WHITE COAT HIGH BLOOD PRESSURE (OR ISOLATED CLINICAL HIGH BLOOD PRESSURE)
White coat HBP (WCHBP) is an important phenotype as it is a proposed risk factor for the development of sustained HBP, target organ damage, and possibly the occurrence of cardiovascular (CV) events. Recently, interest in this phenotype has increased since, some studies have identified that WCHBP increases the relative risk of sustained HBP, almost three times compared to patients with normal BP, as well as the risk of carotid atherosclerosis and impaired cardiac function. Current evidence suggests that WCHBP is an intermediate risk category located somewhere between those with normotension and sustained HBP.11 This contrasts with other studies, which have found that patients with WCHBP have no additional CV risk; this apparent lack of clarity deserves further investigation.12,13 Evidence based on randomized controlled trials is scarce and the results of existing studies are controversial so far on WCHBP. The white coat effect is not necessarily the same as the alert reaction produced by the presence of health personnel when taking BP, since other factors can contribute to the white coat effect, such as patient anxiety.14,15 This effect can be reduced with a correct and repeated measurement of BP in consultation, it is usually lower in nursing consultations and tends to disappear with non-face-to-face clinical measurement.16
Prevalence: the prevalence of WCHBP varies according to the studies because its definition has been based both on mean daytime blood pressure cut-off points and 24-hour blood pressure values.
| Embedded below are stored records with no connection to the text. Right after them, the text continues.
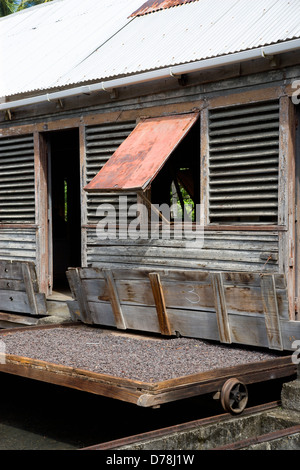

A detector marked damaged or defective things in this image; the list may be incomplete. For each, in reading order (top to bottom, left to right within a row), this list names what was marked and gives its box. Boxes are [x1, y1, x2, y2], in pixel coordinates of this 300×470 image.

rusty metal roof panel [84, 113, 199, 192]
rusted metal panel on shutter [207, 100, 280, 224]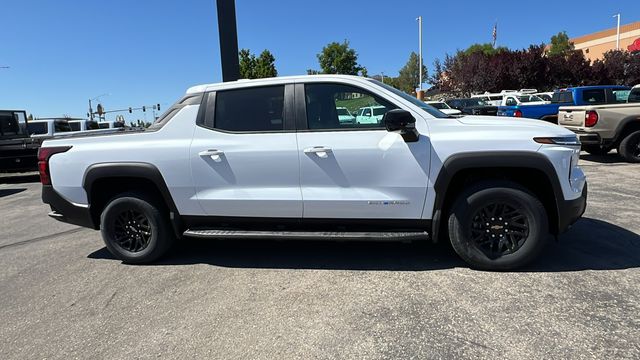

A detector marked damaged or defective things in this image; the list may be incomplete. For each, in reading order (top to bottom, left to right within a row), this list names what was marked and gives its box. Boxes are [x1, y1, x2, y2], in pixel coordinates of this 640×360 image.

pavement crack [0, 228, 84, 250]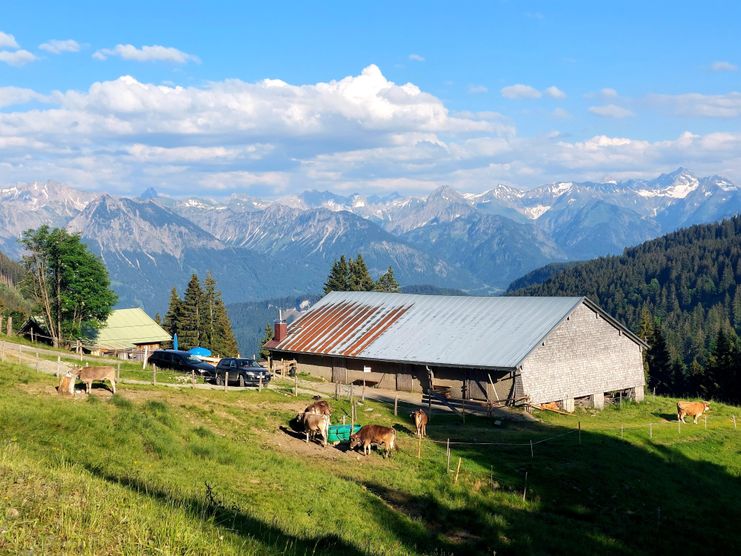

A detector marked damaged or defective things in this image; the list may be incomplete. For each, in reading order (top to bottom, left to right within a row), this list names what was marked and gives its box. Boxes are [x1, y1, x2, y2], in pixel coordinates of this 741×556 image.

rusty roof section [268, 292, 636, 370]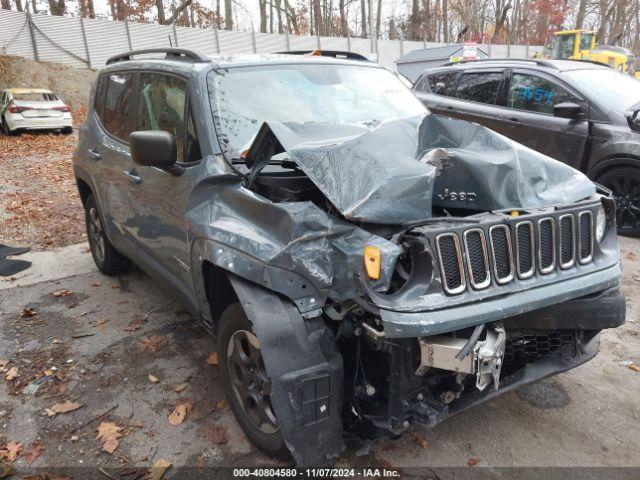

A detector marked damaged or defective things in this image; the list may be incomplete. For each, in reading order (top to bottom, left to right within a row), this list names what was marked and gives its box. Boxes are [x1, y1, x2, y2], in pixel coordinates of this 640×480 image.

damaged jeep renegade [74, 47, 624, 464]
crumpled hood [246, 113, 596, 225]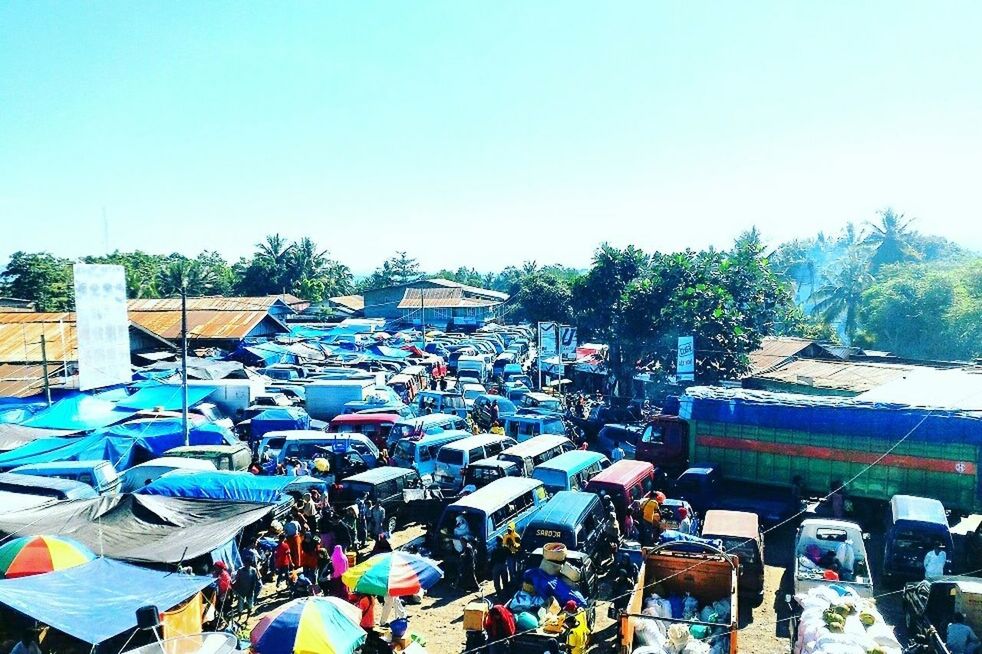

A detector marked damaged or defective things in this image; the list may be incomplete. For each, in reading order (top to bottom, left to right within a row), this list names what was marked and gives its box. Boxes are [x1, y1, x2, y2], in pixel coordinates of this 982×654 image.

rusty metal roof [127, 296, 306, 314]
rusty metal roof [127, 312, 280, 344]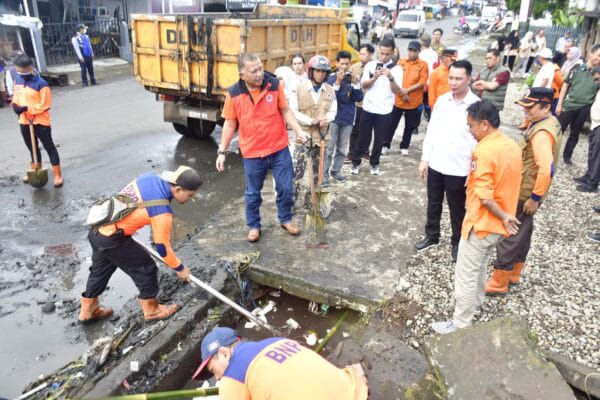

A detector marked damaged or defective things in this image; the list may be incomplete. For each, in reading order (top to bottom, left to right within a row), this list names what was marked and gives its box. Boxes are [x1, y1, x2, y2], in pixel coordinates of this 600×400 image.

broken concrete edge [247, 264, 376, 314]
broken concrete edge [79, 268, 227, 396]
broken concrete edge [548, 352, 600, 398]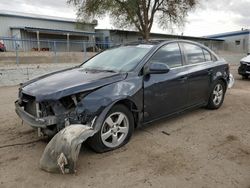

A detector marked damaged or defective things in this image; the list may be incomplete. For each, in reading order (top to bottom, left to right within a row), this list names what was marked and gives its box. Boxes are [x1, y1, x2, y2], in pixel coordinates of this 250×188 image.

crumpled hood [21, 67, 127, 101]
detached bumper cover [14, 100, 57, 129]
damaged sedan [15, 40, 234, 174]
Based on cut-off points of 140/90 mmHg for normal office BP and 135/85 mmHg for normal daytime BP, the prevalence of white coat HBP ranges from 20 to 45%.17 Regarding the factors that predispose to the development of the WCHBP phenotype, non-smokers, women over 55 years of age, obese and with higher clinical systolic blood pressures (mild HBP) are more likely to develop white coat HBP.18
Etiology and pathophysiology: there are several proposed triggers for the development of WCHBP. Patients have a slight elevation in BP on arrival at the consultation and during manual recordings of BP with a cuff and manometer, these elevations in BP exceed those recorded by ABPM during the episodes of anxiety or aggravation. Psychological characteristics, particularly anxiety, could be responsible for the presence of WCHBP. Anxiety is an emerging risk factor for CV disease, but its role in WCHBP is less clear. In patients treated with antihypertensives, high levels of anxiety have been shown to increase the risk of pseudo resistant HBP due to the white coat effect. These findings contrast with previous work showing that psychological characteristics do not differ between those with WCHBP and sustained HBP.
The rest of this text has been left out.